The anticipation of a close election race this year was because late last year that centre-left bloc was ahead of National and it was game on.
But in recent weeks two things have happened to muddy that picture. First, the Greens have slid a little in the pols. It's far from catastrophic, but the party that was getting as high as 15 percent is now averaging 10.8 percent in our polls of polls. That's back to near where New Zealand First ended up in 2002 – not so unprecedented anymore.
Then, this past weekend, David Cunliffe told Paddy Gower on The Nation that there was no guarantee that Labour would do business with the Greens after election day. Despite all the talk of partnership and the feeling if there was one thing you could count on the coalition front it was a Labour-Greens alliance, there was the Labour leader refusing to rule out doing to the Greens what Helen Clark did to them in the past – preferring Winston Peters over them.
Not only that, Cunliffe retracted former leader David Shearer's promise of a proportional Cabinet, with the Greens getting the same percentage of ministers as it did voters. That deal could have seen the likes of Catherine Delahunty and Eugenie Sage in cabinet ahead of Phil Goff or even Shearer himself. Cunliffe said:
David Shearer's a fine guy, but we're different roosters. I'm not doing it that way. I'm going to do it after the election in private with my Green colleagues."
While that is not an outright rejection, but it's clearly a distancing of his party from his closest allies and a signal to the Greens that they can't expect any favours.
Some have criticised such coalition questioning as pointless. Which is nonsense. Day after day we've seen stories about National's coalition conundrums, with little being asked of Labour. And here we immediately see a line drawn between presumed allies.

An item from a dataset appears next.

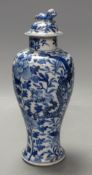 A 19th century Chinese blue and white dragon vase and cover, height 27cm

As Gower pointed out, Labour is asking the public to do something it has never done before – let the second largest party in parliament form a government. For it to have the trust it needs, surely Labour needs to offer more transparency than that. To refuse to answer questions about a colaition even with your best mate, and to say that any deals will only be done after the election, lacks respect for what the party is asking of voters.
Cunliffe said the voters have the right to choose who governs. But that argument misses the point that it's only an informed choice if they know what that government might look like.

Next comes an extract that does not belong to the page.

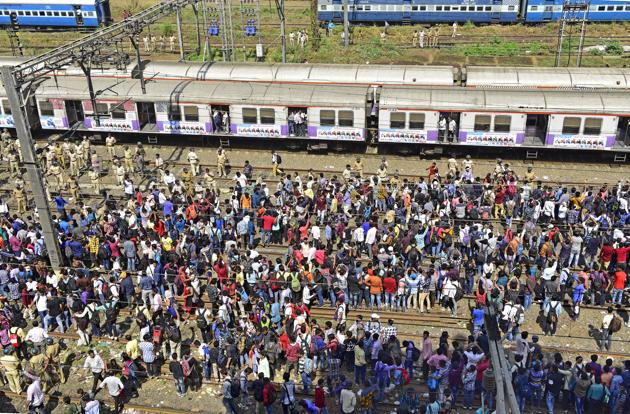Students of the All India Railway Act Apprentice Association stage a blockade demanding jobs in railway sector near Dadar and Matunga on the Central line in Mumbai. They blocked both the fast and slow Up and Down lines, disrupting local train schedules severely during morning rush hour and delaying outstation trains. (Vijayanand Gupta / HT Photo) Students of the All India Railway Act Apprentice Association stage a blockade demanding jobs in railway sector near Dadar and Matunga on the Central line in Mumbai. They blocked both the fast and slow Up and Down lines, disrupting local train schedules severely during morning rush hour and delaying outstation trains. (Vijayanand Gupta / HT Photo)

Why should voters trust Labour with such a bold move to a second-place-led government, if they don't have a clear idea of what sort of government they'd be backing? Cunliffe is surely going to have to be more transparent than that.
It's fair to say that more will be expected of John Key as well. So far he has moved from declaring how transparent he would be this year to indicating he won't decide on any electorate deals until the campaign is under way. If that's his idea of transparency, Lord help us when he's feeling opaque.
One thing about the uncertainty introduced by Cunliffe, however, is that if fits the mood of the times. The minor parties have all to play for this year and the uncertainty surrounding them is arguably greater than ever. Oh, we know where ACT and United Future stand. But National won't rule out New Zealand First, Labour won't rule in the Greens, New Zealand First is open to all-comers (or none), Labour could accept Mana in government but not Hone Harawira in cabinet; and the Maori Party could go either way.
Oh, and then there's the Conservative Party, which may be a wasted two percent party of less consequence than even the Christians of days gone by, or could have a seat gifted to it and win the election for the centre-right.
Boy oh boy, the joy of uncertainty. But I suspect voters may not share my sense of fun on this one and will start demanding answers before long so that they can go into this critical election with their eyes wide open.